Towards Natural Prosthetic Hand Gestures: A Common-Rig and Diffusion Inpainting Pipeline

Korea University¹, University of Illinois Urbana-Champaign², NC Research³
IEEE Engineering in Medicine and Biology Society (EMBC) 2024

Abstract

Existing works on prosthetic hands focus on increasing dexterity by carrying out functional tasks. Achieving specific hand movements, such as pointing the index finger, are desired but research on generating the hand movement itself has yet to be widely explored. In this work, we propose a pipeline for generating hand motion from body motion via using the Common-Rig, a kinematic rig representation for effective motion representation, and a diffusion-based inpainting method, which has shown strengths in generalization and stability. Common rigging is applied to a motion capture dataset with both body and hands information, and hand motions are generated while conditioned on the body motions of a hand-zeroed test set. The generated results of our proposed method, compared to two baseline methods, attain smaller fingertip positional errors and diversity closer to that of the ground truth. In addition, the generated motions are implemented on a real robotic system with prosthetic hands for evaluation.

Pipeline

The overall pipeline of our work consists of two phases: 1) Dataset Rigging and 2) Hand Motion Generation. In the 'Dataset Rigging' phase, the joint positions of the Common-Rig is matched with the joint positions of the motion capture skeleton in order to convert the original motion to that of the Common-Rig. In the 'Hand Motion Generation' phase, we utilize a diffusion-based inpainting method to generate the missing hand motions from the body-only motion.

Dataset Rigging

We utilize the Common-Rig, which contains a rigid body structure with pre-defined link lengths, to retarget motions from a motion capture dataset that contains both body and hand movements. Initially, from the joint offsets of the motion capture skeleton, a forward kinematic process is carried out to obtain the homogeneous transformation matrixs. Subsequently, from the obtained transformation matrixs, the position values of the joints of motion capture skeleton are extracted set as the positional targets of the joints of the Common-Rig. Finally, an inverse kinematic process is carried out to obtain the joint angles of the Common-Rig.

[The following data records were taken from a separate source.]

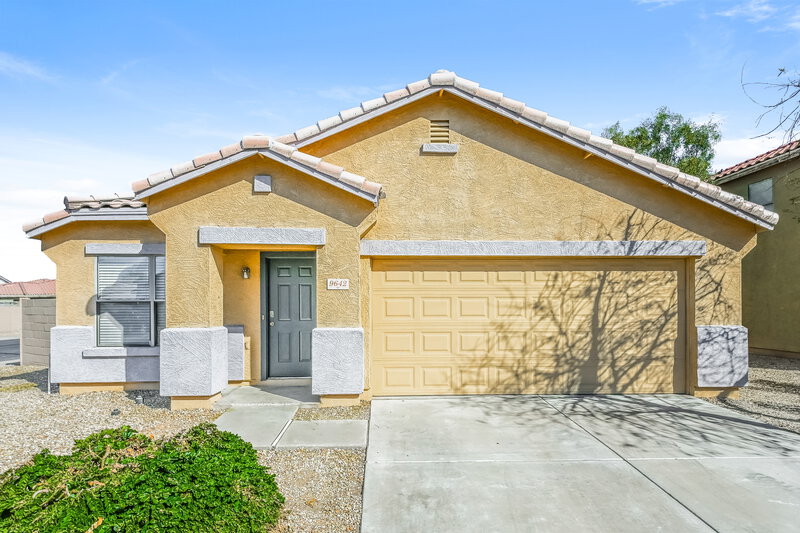 2,045/Mo, 9642 W Kingman St Tolleson, AZ 85353 External View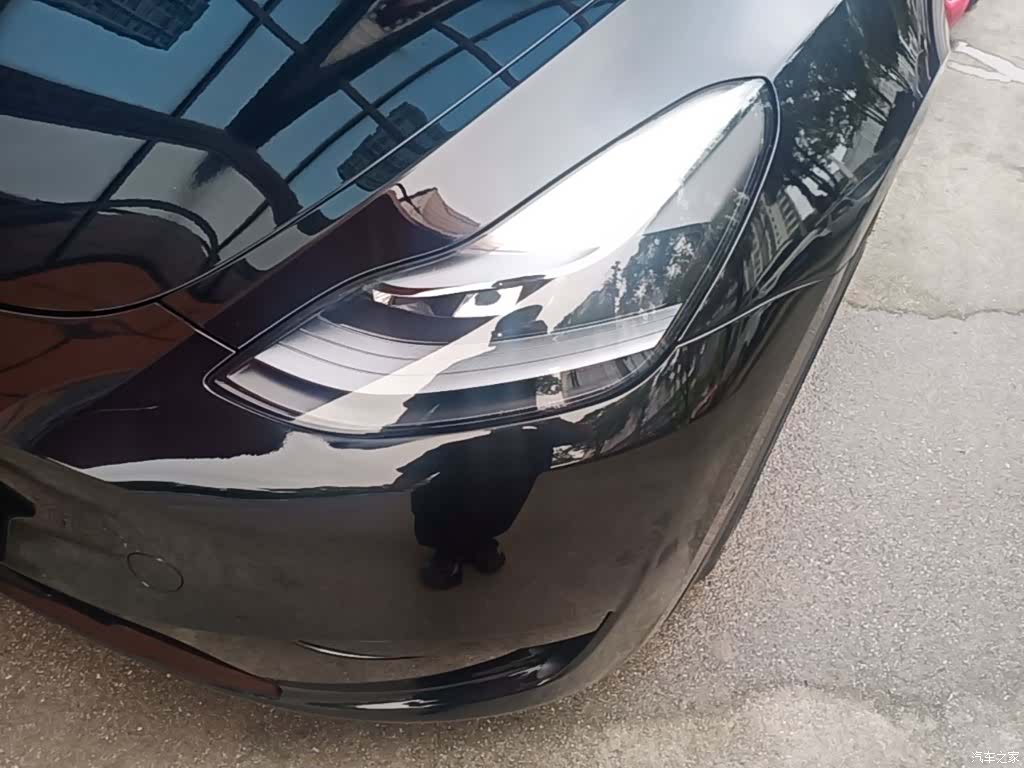 Tesla Model Y, 2023 24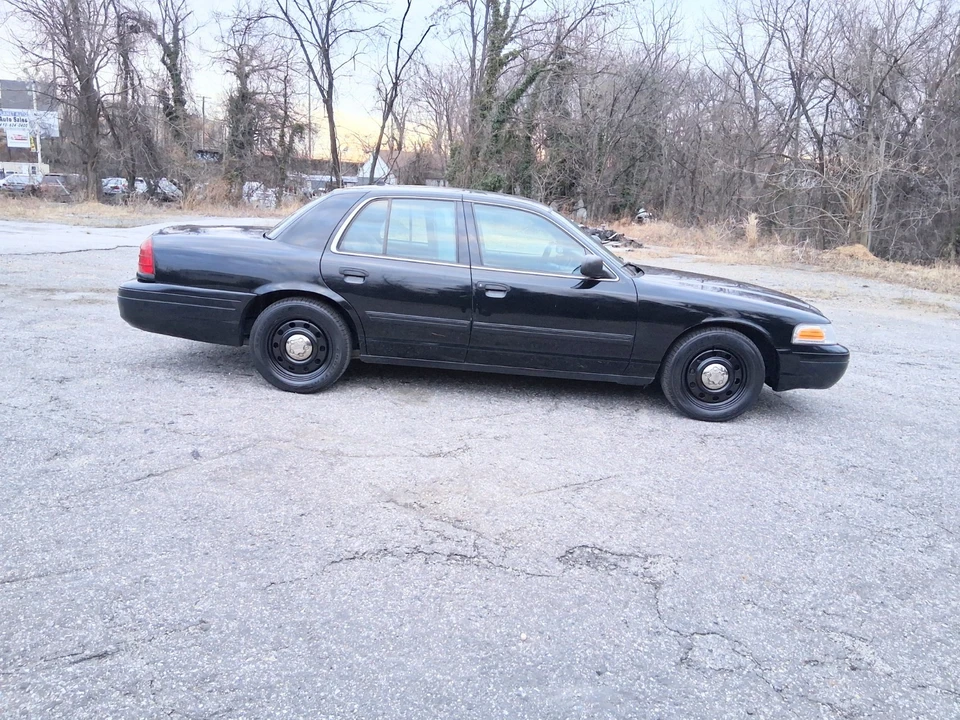 2010 Ford Crown Victoria - Image 17 of 21
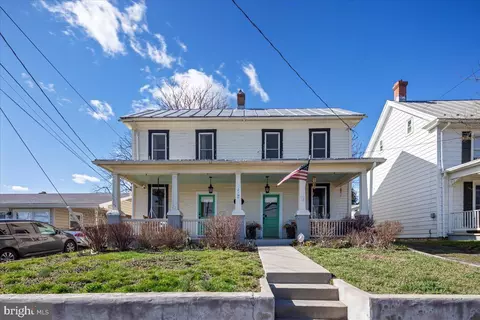 5483 Main St, Stephens City, VA 22655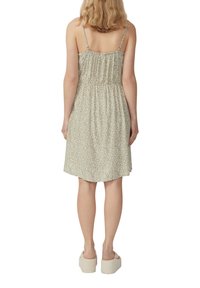 Floral Sommerkleid in Hellgrün und Weiß, mit gerüschtem Rücken, verstellbaren Trägern und einer lockeren, knielangen Passform.
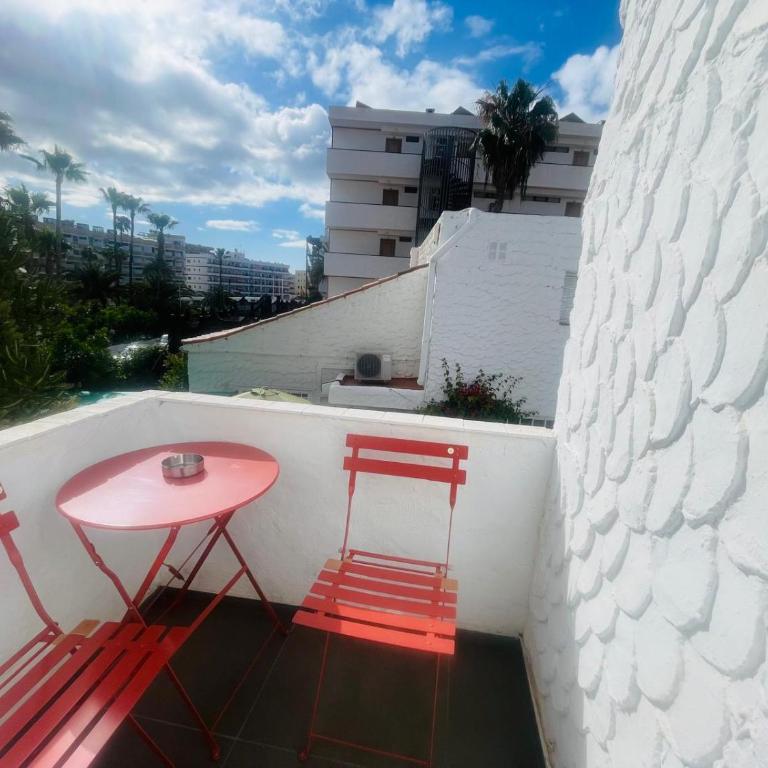 Tirma Studios - Studio with Balcony - 9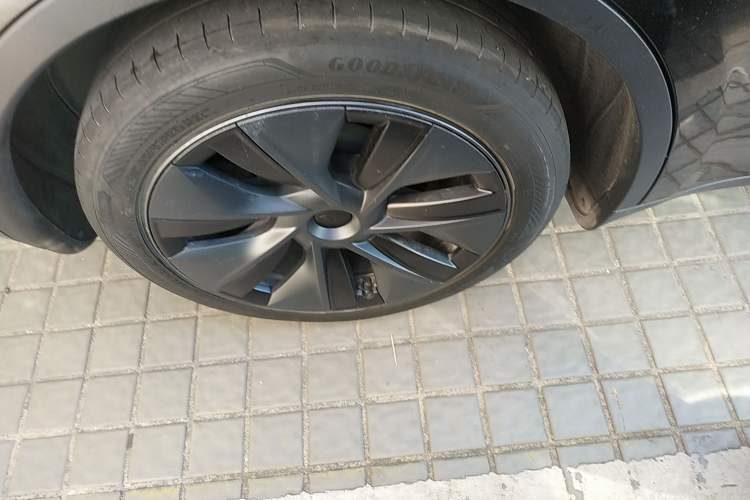 Used Tesla Model Y 2023 Rear-Wheel-Drive Version
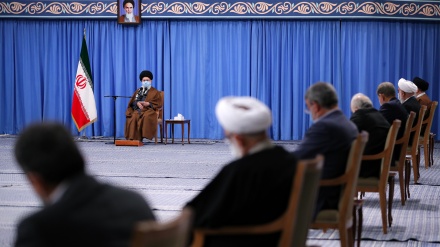 Líder de Irán: No se puede confiar en los extranjeros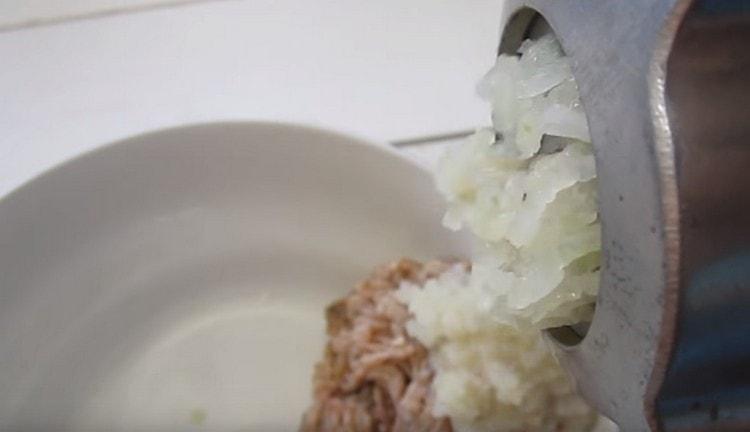 Passamos o filé de arenque recebido por um moedor de carne junto com cebolas.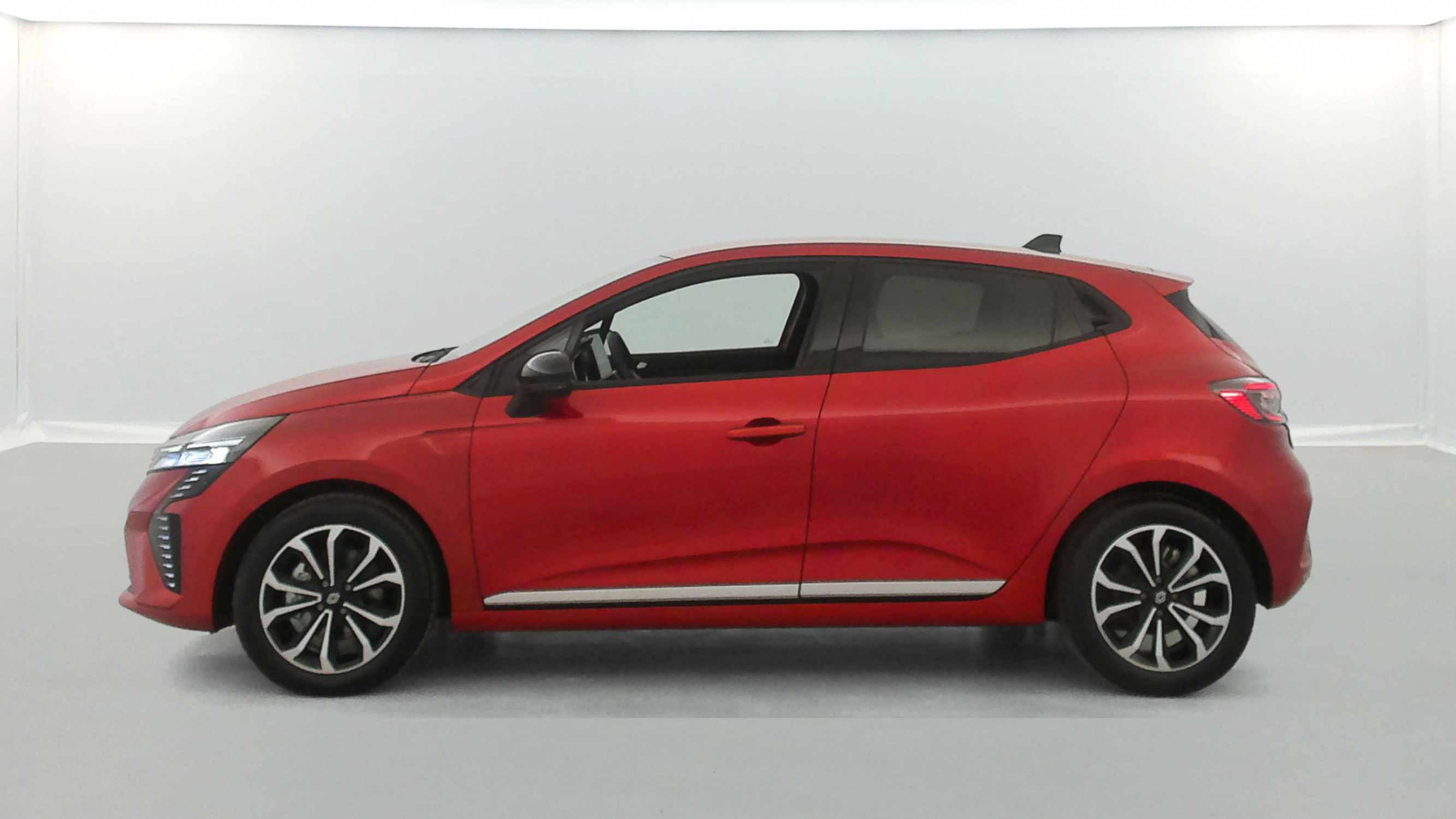 Vente en ligne Renault Clio 5 Clio E-Tech full hybrid 145 ch GSR2 au prix de 22 690 €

(a) The default T-pose of the Common-Rig and the body joints used for the inverse kinematic process.
(b) The hand model for the Common-Rig and the hand joints used for the inverse kinematic process.
(c), (d) An example of the Common-Rigging process: the purple skeleton indicates a specific pose from the motion capture dataset and the orange rig indicates the pose of the Common-Rig.

Hand Motion Generation

In order to generate hand motions from hands-zeroed body motion, we utilized RePaint, a diffusion-based inpainting method which was originally applied in the domain of images. The dataset obtained from the previous 'Dataset Rigging' process is split into a train set and a test set. A diffusion model is trained on the train set using DDPM. Using the pretrained diffusion model and the hands-zeroed test set, the hand motions are inpainted from the body motions. Specifically at each diffusion step, the body motion is obtained by carrying out forward diffusion processes from the hands-zeroed body motion and the hand motion is obtained using the pretrained DDPM model.

Comparison to Baseline Methods

We compare our generation result to two baselines: Supervised Learning (SL) and Body2Hands (B2H). The video above shows the results of the ground truth and the generated results of the motion with the instruction label "Point oneself", whereby two baselines were carried out on the original motion capture dataset and our proposed utilized the 'Dataset Rigging' process. Amongst the three methods, our method was the only one that was able to generated an index finger pointing motion.

Real Robot

We validate the generated hand motions on a real robotic system consisting of a dual-arm system with prosthetic hands. The dual-arm consists of a base with two PAPRAS arms each connected to a PSYONIC Ability Hand.

Real robot results with their corresponding generated results of the motion with the instruction label "Point oneself".
Row 1: Whole pose of the real robot.
Row 2: Hand-zoomed poses of the real robot.
Row 3: Whole pose of the generated results visualized in simulation.
Row 4: Hand-zoomed poses of the generated results visualized in simulation.

Application

An application of the rigging process presented in the paper. The positional targets of the fingers within the Youtube video are obtained using MediaPipe Hand Landmark Detection. Inverse Kinematics is directly applied on the robot model in simulation to obtain the joint angles and the retargeted motion is deployed on the real robot.